在很多人学生时代的印象中,必然少不了那双水汪汪的“大眼睛”。这里的大眼睛不是别的事情,正是指曾火遍全国并被载入课本的希望工程“我想上学”主题的那张照片。
在那张照片被刊登出来的时候,看到的人无一不被震撼,大家都被小女孩那忧郁而明亮的眼神触动了。
那张照片最终被中国青少年发展基金会作为了希望工程的标志,成为一代人的记忆。
这张照片拍摄的时间是1991年,拍摄者是文化馆的摄影记者解海龙,而照片主人公是当时年仅八岁的苏明娟。
如今,时间已经过去三十一年了,曾经的小女孩也已经长成了大人。时过境迁,在进入新世纪后的今天,她又有着怎样的经历呢?
故事要从1991年讲起,其发生在大别山腹地的金寨县。这里的金寨县位于安徽省的西部边陲,地处大别山之中,既是安徽面积最大和人口最多的一个山区县。
金寨也是诞育很多位新中国开国将领的红色摇篮,开国上将洪学智就出生在这里,此外还有八位中将和数不胜数的少将。
然而,尽管金寨县是一个钟灵毓秀的宝地,却也因为地处偏僻而十分闭塞和落后。
在广袤的山区中,坐落着的一户户人家,无不是以种地为生,过着面朝黄土背朝天的生活,而我们今天故事的主角苏明娟就出生在这样一个普通的农民家庭。
往往经济落后的地方,其教育资源也是十分匮乏的,而教育落后又必然限制地区的发展潜力,形成一个恶性循环。

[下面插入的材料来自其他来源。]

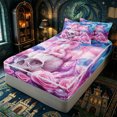 thumbnail image 1 of Erosebridal Fantasy Pink Dragon Zipper Full Size Comforter Sets with Fitted Sheet and 2 Pillowcases,Soft Rose Skull Accent Zipper Bedding Set,Pink Lavender,4pcs,Pink Reversible, 1 of 6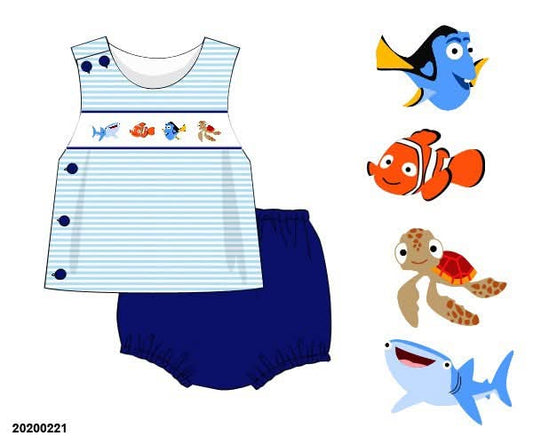 Pre Order 135: Just Keep Swimming- Boys Knit Diaper Set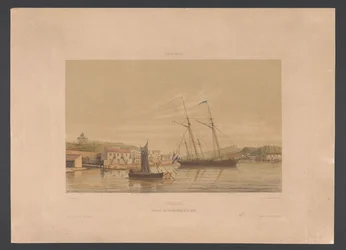 Puerto de Willemstad Curazao. Atracadero de buques de guerra en el puerto (título sobre el objeto) West Indies (título de la serie sobre el objeto) Vistas desde las Indias Occidentales de los Países Bajos (título de la serie)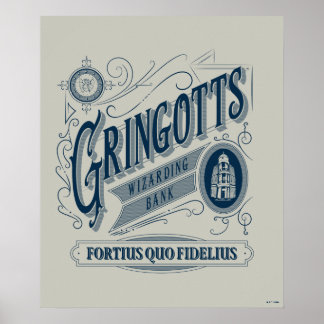 Póster GRINGOTTS Wizarding Bank Vintage Graphic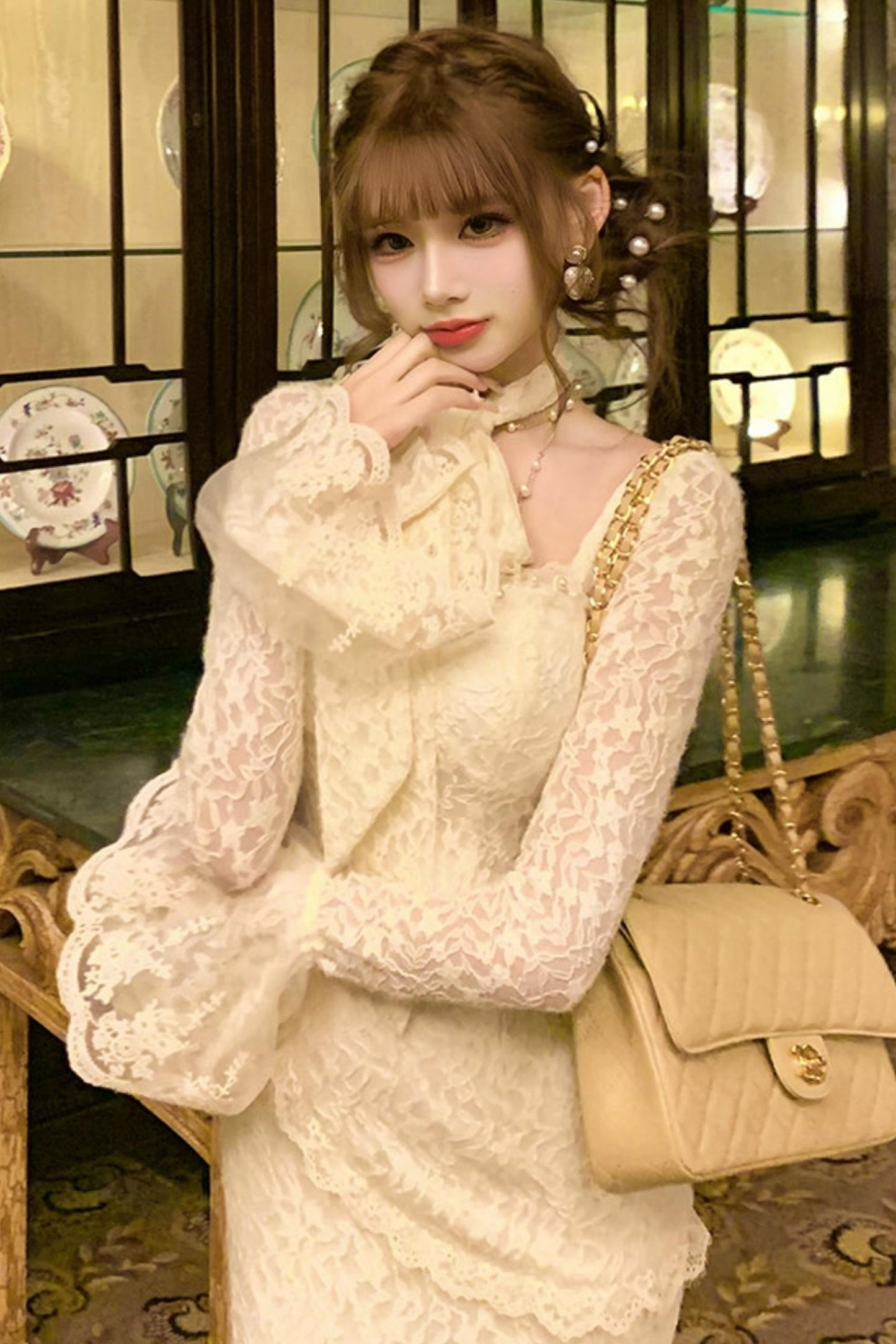 フレンチスタイルレースマーメイドドレス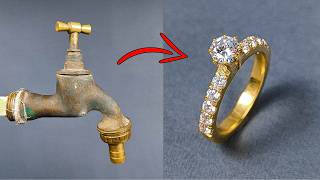 THE FASTEST Way to Upcycle Scrap Faucet into a Unique Ring [upl. by Benedick]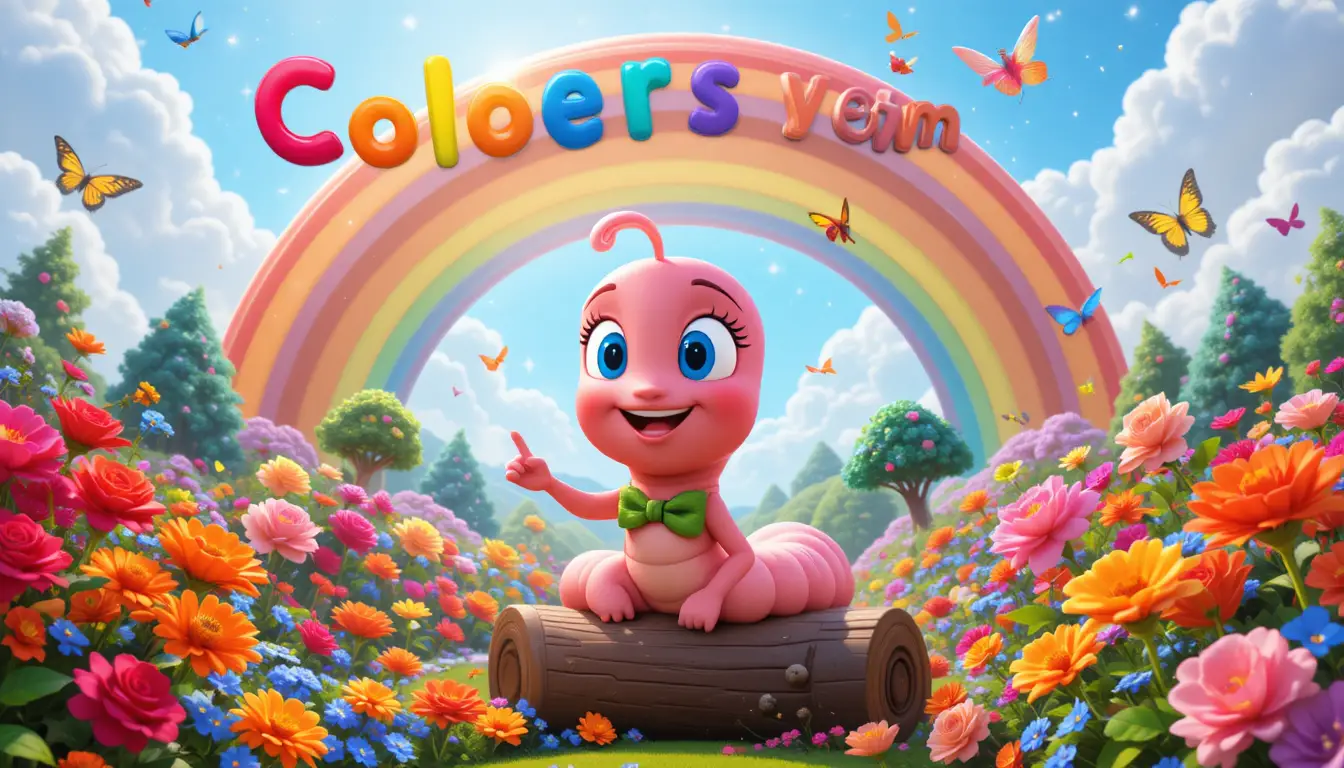 Minhoca rosa fofa com arco-íris em jardim colorido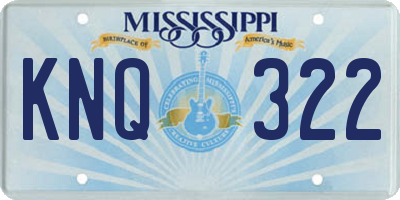 MS license plate KNQ322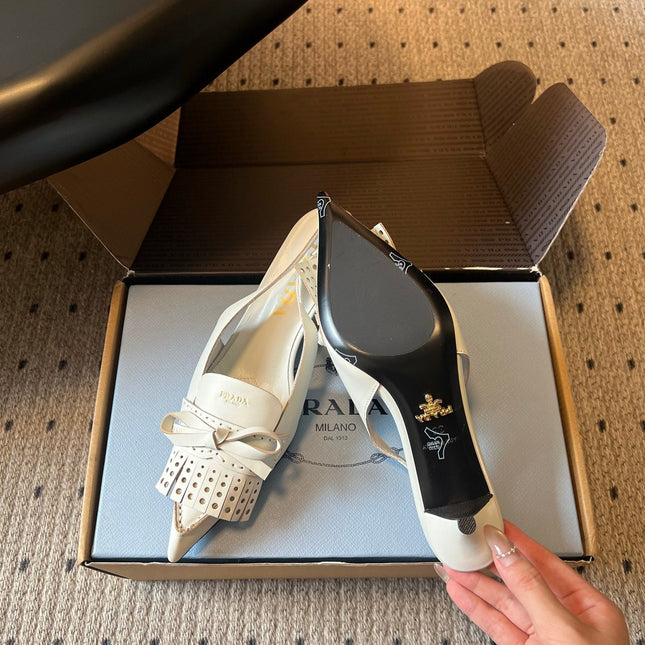 PRADA 26S POINTED TOE FRINGE BOW SLINGBACK PUMPS 55MM IN IVORY WHITE CALFSKIN
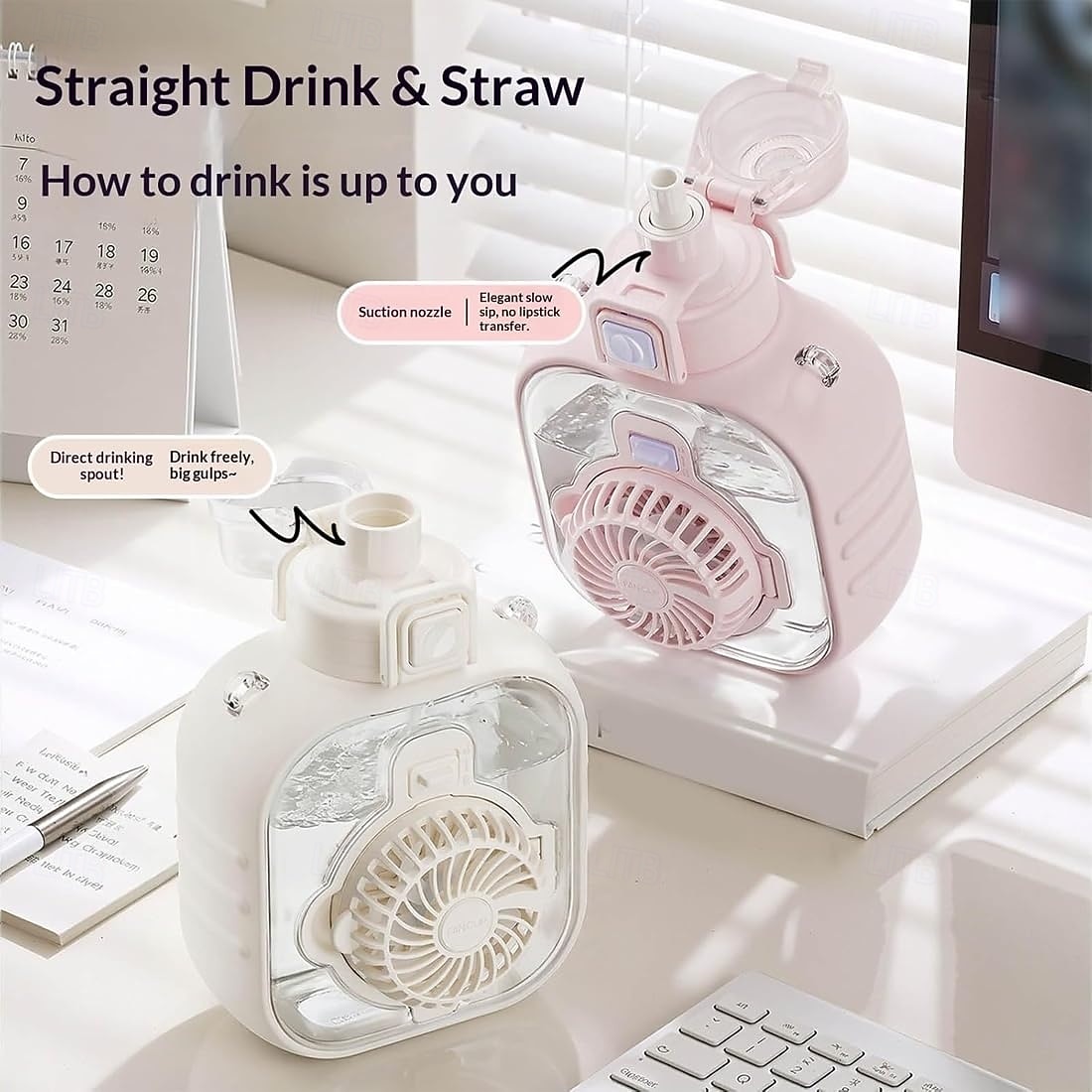 2 in 1 Water Bottle with Built In Foldable Fan, USB Rechargeable Cooling Bottle with 3 Speed Portable Fan, Portable Cooling Cup with Straw, Detachable Design for Travel, Camping, Gym 2026 - $125.99 –P1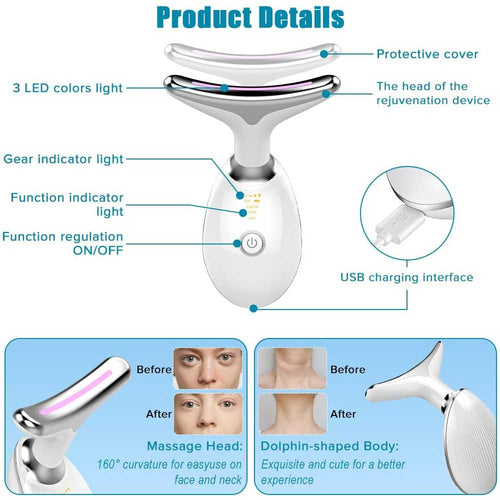 3 Mode LED Neck Face Massager For Youthful Sculpted Skin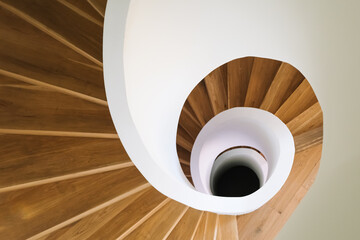 golden ratio in architecture, spiral wooden staircases, round design, abstract geometric concept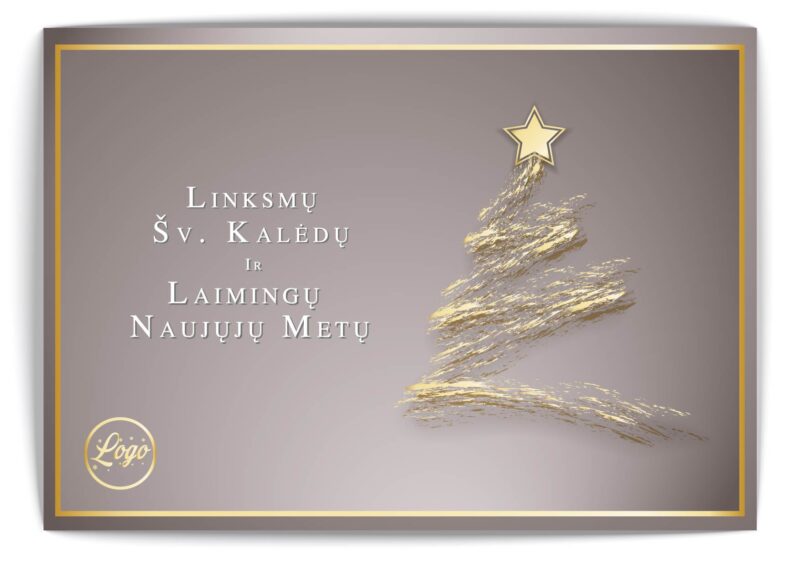 Pilkas atvirukas su auksine eglute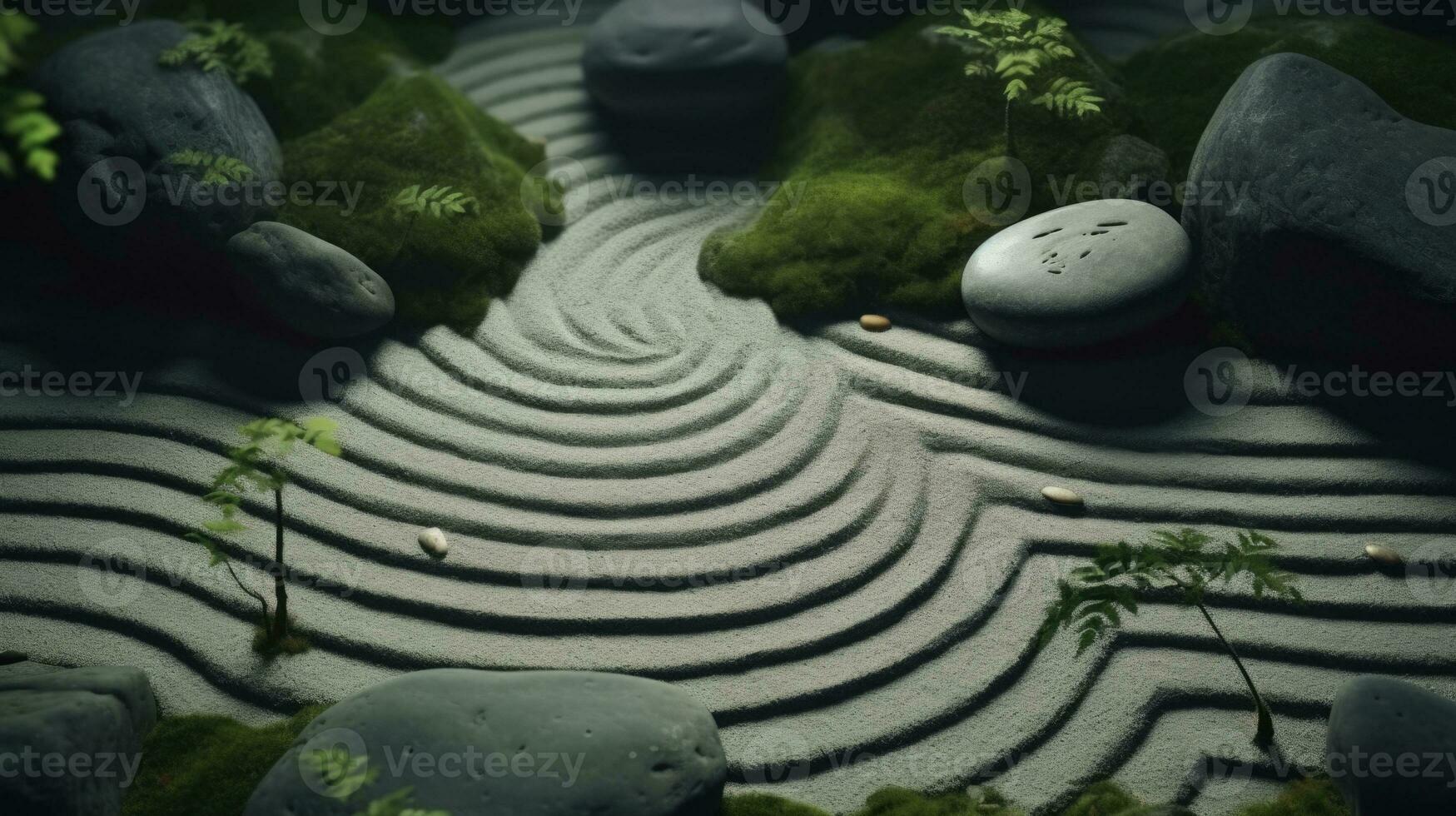 Zen Garden miniature Background images for websites wallpapers presentations banners advertising. AI generative photo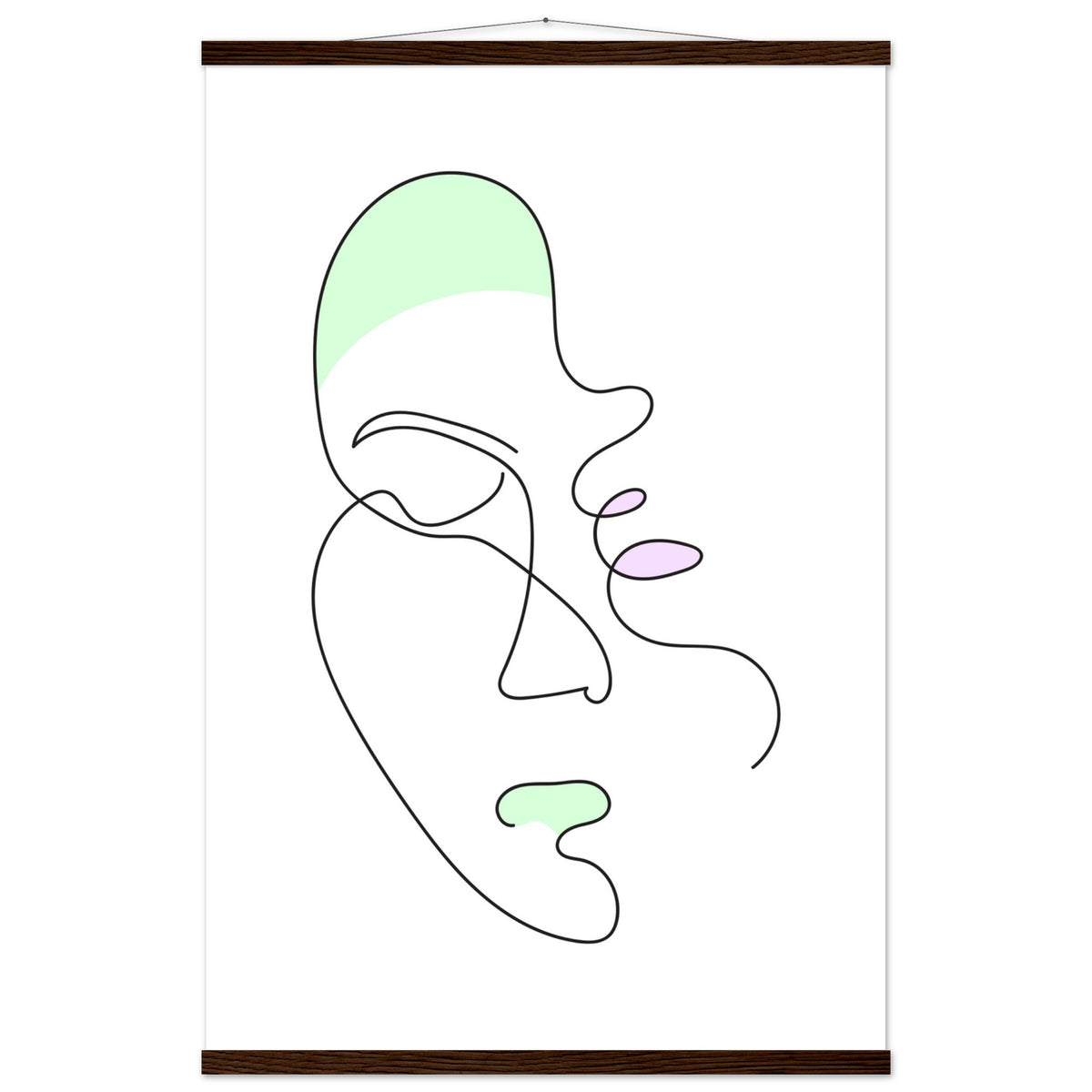 Minimalist Masterpiece - Magnetic Wooden Hanger Poster - 60x90 cm 24x36″ Dark wood wall hanger - Posters With Hanger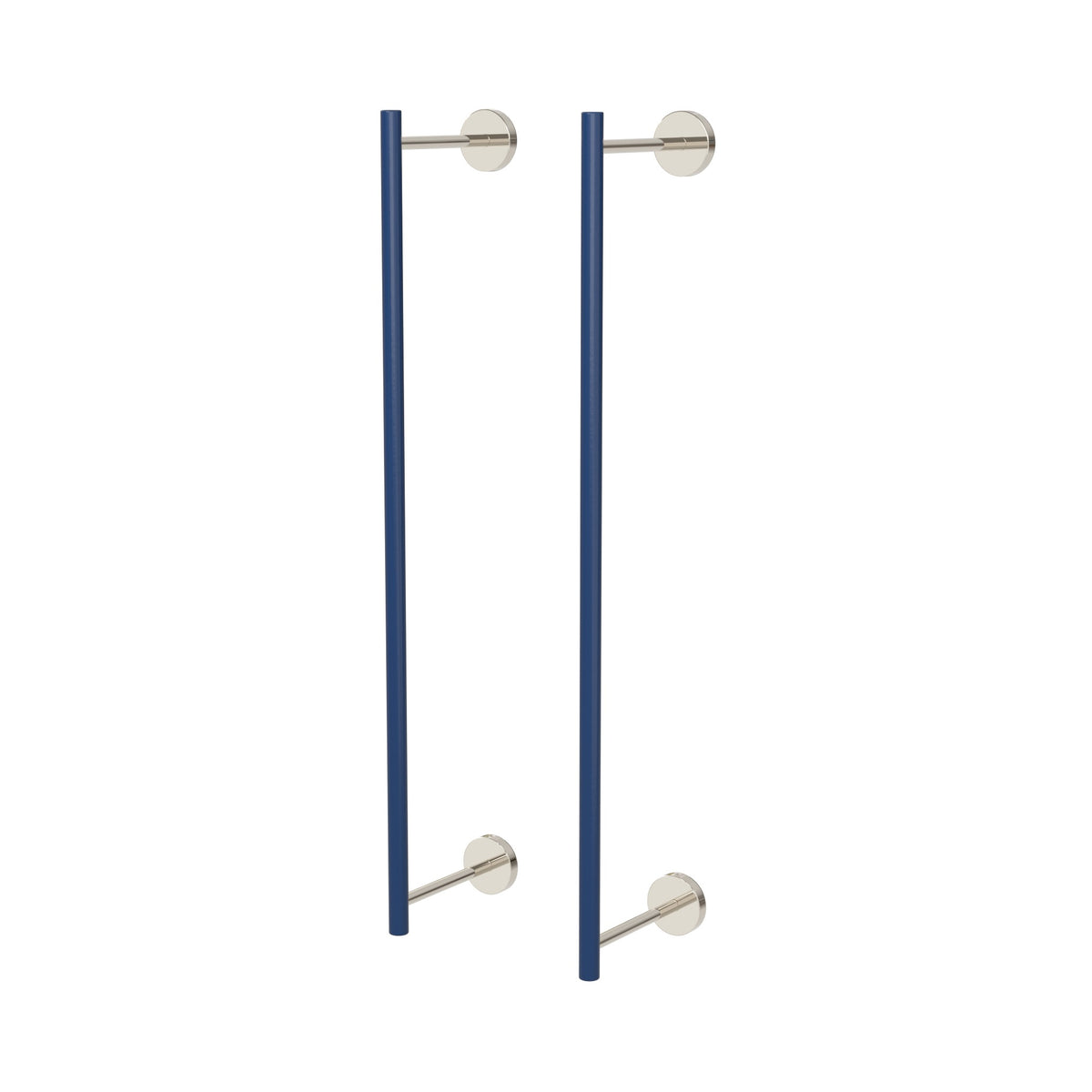 Nickel and Cobalt color Swift Towel Rack 24" Dutton Brown hardware
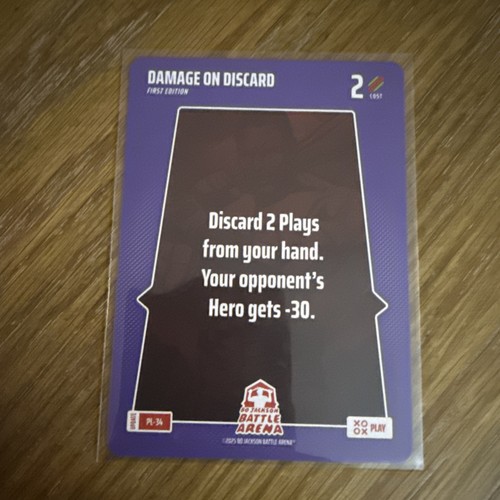 BO JACKSON BATTLE ARENA BOBA - ALPHA UPDATE PLAY PL-34 - DAMAGE ON DISCARD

这一点不仅体现在金寨县,广大农村地区都面临这样的问题。
苏家祖祖辈辈就是过着十分贫困的生活,一直到苏明娟的父亲这一代,尽管其常年辛勤劳动,所得收获也仅仅只能满足三个月的生活所需,另外的部分还需要通过砍柴、捕鱼、做草鞋等方式来弥补。
如果人连最基本的衣食都保证不了,又何谈读书识字呢?
新中国成立后,教育事业已经得到长足的发展,给了很多农村孩子上学的机会。
但在上世纪80,90年代,农村地区经济还未腾飞的年代,很多农村孩子想要上学首先就要过学费这一关。
眼看着苏明娟已经快八岁了,到了上学的年纪,但母亲却犯难了。
因为如果上学的话,苏明娟每学期的学杂费要交七十块钱,对于九十年代初的中国农民,这不是一个小数目。
往往在这个时候,很多家庭就会放弃让孩子入学,但好在苏明娟的父亲苏有良是一个十分开明的人,他没有性别上的偏见,也懂得让孩子读书的好处,所以坚持要让苏明娟去读书。
但学费从哪里来呢?为了给孩子凑学费,苏有良一到闲暇时间就去河里捉鱼或者去山上砍柴,然后将收获拿到城里去贩卖。
在攒了很久之后,苏有良终于凑齐了孩子上学需要的费用。
于是,在当年九月的时候,苏明娟如期进入了三合乡的张湾小学,成为了一名一年级新生。
因为家住山区,而学校距离苏明娟的家有两公里的山路,为了按时上课,苏明娟只能每天天不亮就起床,然后徒步去上学,等到晚上再回来。
对于年仅七岁的孩子来说,这并不是一件容易的事,但苏明娟每天都坚持着,走在洒满朝晖的山路上,对她而言那就是通向未来的平坦大道。
相信很多来自那个年代的农村青年对童年的求学经历都有深刻印象,低矮的土坯房、漏风的木窗、破烂不堪的桌椅、昏黄的电灯......有些连电灯都没有,而苏明娟所就读的学校甚至装不起窗玻璃,只能用塑料布蒙住窗户,一到冬天,那将是最难熬的时候。
但即便是如此,苏明娟学习却很认真,这一切只源于她深知学习机会的来之不易。
彼时的苏明娟,一开始就清楚地知道,自己的家庭是无法长期支撑自己的教育花费的,不知道那一天,她就会辍学,然后和大部分的农村女孩一样早早嫁人,重复她们平凡而贫乏的人生。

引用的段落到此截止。